Restate word for word the lines in the listing below, starting at the line containing "Soldiers of the" and ending at the line containing "Booking mugshot of", both included; leave out the rest.

→ **DATA**:
******************************

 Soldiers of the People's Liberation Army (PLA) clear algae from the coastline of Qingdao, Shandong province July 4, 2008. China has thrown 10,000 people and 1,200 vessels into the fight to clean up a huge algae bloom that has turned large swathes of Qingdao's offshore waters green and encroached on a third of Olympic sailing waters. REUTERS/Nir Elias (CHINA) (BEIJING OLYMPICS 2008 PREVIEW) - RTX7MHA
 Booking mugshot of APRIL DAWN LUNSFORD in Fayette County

******************************

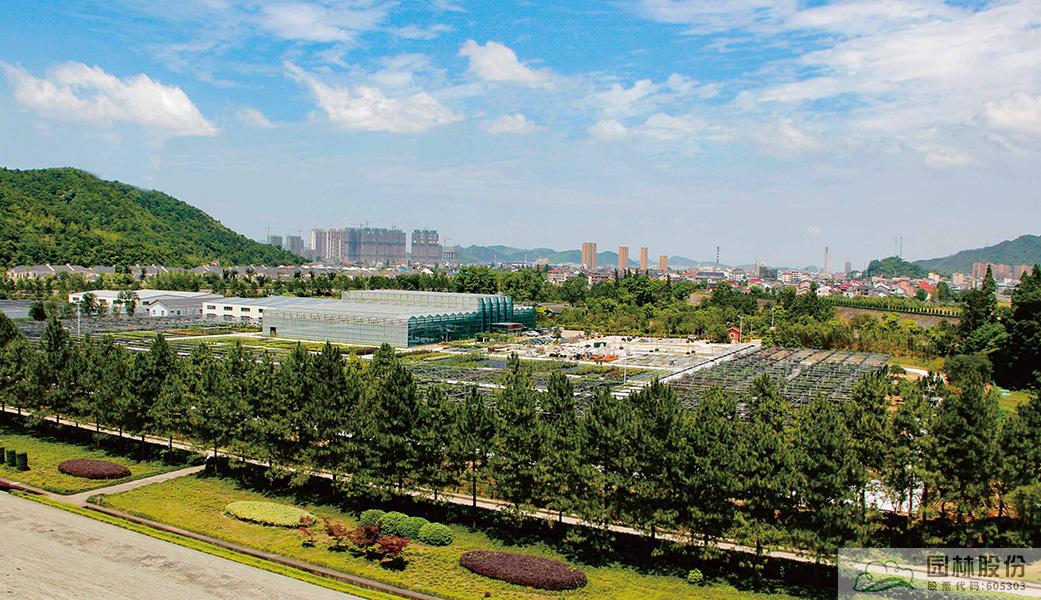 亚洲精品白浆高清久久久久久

******************************

→ **EXPECTED OUTPUT**:
 Soldiers of the People's Liberation Army (PLA) clear algae from the coastline of Qingdao, Shandong province July 4, 2008. China has thrown 10,000 people and 1,200 vessels into the fight to clean up a huge algae bloom that has turned large swathes of Qingdao's offshore waters green and encroached on a third of Olympic sailing waters. REUTERS/Nir Elias (CHINA) (BEIJING OLYMPICS 2008 PREVIEW) - RTX7MHA
 Booking mugshot of APRIL DAWN LUNSFORD in Fayette County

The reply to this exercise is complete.